*** Block opens ***

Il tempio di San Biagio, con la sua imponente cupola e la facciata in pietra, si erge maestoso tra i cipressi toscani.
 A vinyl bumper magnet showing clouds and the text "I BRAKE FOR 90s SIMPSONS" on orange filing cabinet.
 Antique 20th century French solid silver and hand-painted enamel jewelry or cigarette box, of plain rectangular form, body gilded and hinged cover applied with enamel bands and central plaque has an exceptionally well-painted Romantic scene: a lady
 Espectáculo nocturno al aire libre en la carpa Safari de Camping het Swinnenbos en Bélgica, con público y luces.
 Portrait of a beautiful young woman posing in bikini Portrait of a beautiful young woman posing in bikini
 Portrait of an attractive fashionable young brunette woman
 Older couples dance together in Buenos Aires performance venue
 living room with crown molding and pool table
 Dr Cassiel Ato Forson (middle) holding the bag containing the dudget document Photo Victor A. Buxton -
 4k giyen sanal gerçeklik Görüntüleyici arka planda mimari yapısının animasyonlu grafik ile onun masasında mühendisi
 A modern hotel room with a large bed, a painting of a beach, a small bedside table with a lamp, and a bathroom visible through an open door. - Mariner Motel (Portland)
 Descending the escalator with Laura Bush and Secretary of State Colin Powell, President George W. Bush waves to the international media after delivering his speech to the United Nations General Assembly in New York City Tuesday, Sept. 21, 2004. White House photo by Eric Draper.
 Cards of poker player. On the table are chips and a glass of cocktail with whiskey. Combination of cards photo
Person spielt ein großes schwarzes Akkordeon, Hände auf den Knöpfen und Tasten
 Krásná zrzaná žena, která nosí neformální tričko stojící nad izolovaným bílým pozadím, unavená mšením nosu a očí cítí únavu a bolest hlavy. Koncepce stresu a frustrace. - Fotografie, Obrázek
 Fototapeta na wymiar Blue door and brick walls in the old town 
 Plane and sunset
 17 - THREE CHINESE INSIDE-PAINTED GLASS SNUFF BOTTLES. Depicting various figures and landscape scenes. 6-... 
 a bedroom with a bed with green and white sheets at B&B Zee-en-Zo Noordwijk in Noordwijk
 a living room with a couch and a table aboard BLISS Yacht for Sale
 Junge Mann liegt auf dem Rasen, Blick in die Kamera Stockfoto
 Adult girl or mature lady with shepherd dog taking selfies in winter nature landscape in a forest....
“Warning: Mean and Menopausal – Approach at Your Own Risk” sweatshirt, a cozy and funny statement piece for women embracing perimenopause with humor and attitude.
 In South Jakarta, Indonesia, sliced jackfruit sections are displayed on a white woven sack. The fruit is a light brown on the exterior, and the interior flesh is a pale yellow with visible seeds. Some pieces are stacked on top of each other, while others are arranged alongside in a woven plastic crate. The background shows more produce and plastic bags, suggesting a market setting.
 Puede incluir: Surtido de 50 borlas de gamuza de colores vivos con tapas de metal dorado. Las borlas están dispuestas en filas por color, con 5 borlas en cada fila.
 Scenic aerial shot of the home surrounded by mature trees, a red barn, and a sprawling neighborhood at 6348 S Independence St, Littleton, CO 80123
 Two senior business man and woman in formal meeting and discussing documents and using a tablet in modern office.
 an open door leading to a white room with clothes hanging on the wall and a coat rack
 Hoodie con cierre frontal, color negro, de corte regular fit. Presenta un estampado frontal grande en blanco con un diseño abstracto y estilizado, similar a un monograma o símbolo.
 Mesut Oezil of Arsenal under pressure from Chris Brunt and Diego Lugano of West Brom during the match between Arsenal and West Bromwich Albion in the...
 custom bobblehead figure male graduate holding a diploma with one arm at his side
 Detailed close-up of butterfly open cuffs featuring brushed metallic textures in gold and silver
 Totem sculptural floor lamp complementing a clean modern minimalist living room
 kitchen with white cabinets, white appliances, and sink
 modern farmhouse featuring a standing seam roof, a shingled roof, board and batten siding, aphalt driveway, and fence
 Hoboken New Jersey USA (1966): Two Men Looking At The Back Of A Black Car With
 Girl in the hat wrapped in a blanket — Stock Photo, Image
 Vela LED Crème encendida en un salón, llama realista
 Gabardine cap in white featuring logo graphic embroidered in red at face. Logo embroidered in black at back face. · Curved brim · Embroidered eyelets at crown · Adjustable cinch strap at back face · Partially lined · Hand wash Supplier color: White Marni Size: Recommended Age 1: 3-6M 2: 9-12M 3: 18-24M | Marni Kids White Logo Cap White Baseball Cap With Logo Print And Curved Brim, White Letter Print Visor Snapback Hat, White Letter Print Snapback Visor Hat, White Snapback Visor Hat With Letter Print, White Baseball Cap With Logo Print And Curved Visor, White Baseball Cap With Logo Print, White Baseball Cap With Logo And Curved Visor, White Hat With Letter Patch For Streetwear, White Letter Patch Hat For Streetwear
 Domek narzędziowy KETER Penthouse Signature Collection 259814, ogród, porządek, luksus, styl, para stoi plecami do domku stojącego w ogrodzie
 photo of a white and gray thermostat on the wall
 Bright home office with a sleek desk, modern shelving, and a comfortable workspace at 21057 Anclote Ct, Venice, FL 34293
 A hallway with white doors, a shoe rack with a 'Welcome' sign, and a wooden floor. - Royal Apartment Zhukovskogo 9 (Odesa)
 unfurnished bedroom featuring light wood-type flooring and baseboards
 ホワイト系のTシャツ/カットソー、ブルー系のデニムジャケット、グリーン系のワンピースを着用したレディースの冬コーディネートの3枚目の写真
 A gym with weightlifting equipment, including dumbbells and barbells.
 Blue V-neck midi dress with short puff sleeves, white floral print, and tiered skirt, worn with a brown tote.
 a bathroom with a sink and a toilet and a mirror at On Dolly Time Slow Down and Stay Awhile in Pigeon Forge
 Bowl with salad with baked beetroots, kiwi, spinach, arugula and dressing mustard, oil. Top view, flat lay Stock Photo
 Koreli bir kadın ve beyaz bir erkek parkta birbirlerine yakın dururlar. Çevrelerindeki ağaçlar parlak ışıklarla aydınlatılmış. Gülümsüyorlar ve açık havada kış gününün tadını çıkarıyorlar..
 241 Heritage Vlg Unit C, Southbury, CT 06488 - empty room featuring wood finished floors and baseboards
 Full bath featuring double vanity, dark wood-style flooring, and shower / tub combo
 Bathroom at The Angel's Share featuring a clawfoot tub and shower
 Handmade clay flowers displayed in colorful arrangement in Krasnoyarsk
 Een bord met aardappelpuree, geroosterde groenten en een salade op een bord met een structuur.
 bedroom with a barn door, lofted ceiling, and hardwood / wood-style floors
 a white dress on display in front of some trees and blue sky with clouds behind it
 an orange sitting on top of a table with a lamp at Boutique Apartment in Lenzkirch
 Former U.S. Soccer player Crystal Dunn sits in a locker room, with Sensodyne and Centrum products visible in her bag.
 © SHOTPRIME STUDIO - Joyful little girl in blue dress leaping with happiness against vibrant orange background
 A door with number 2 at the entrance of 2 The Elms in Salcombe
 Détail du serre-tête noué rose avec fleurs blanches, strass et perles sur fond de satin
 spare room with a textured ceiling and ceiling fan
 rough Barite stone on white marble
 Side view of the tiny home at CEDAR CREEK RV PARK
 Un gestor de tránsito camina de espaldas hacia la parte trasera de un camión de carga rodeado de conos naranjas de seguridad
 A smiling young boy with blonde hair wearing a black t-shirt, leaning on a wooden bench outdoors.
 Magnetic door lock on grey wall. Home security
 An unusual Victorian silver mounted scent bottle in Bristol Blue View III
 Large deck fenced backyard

*** Block closes ***

* _WHAT IS NEEDED_
Reproduce exactly, and with no other material, the lines between those holding "unfurnished bedroom featuring" and "a bathroom with", inclusive.

* _FINISHED EXERCISE_
 unfurnished bedroom featuring light wood-type flooring and baseboards
 ホワイト系のTシャツ/カットソー、ブルー系のデニムジャケット、グリーン系のワンピースを着用したレディースの冬コーディネートの3枚目の写真
 A gym with weightlifting equipment, including dumbbells and barbells.
 Blue V-neck midi dress with short puff sleeves, white floral print, and tiered skirt, worn with a brown tote.
 a bathroom with a sink and a toilet and a mirror at On Dolly Time Slow Down and Stay Awhile in Pigeon Forge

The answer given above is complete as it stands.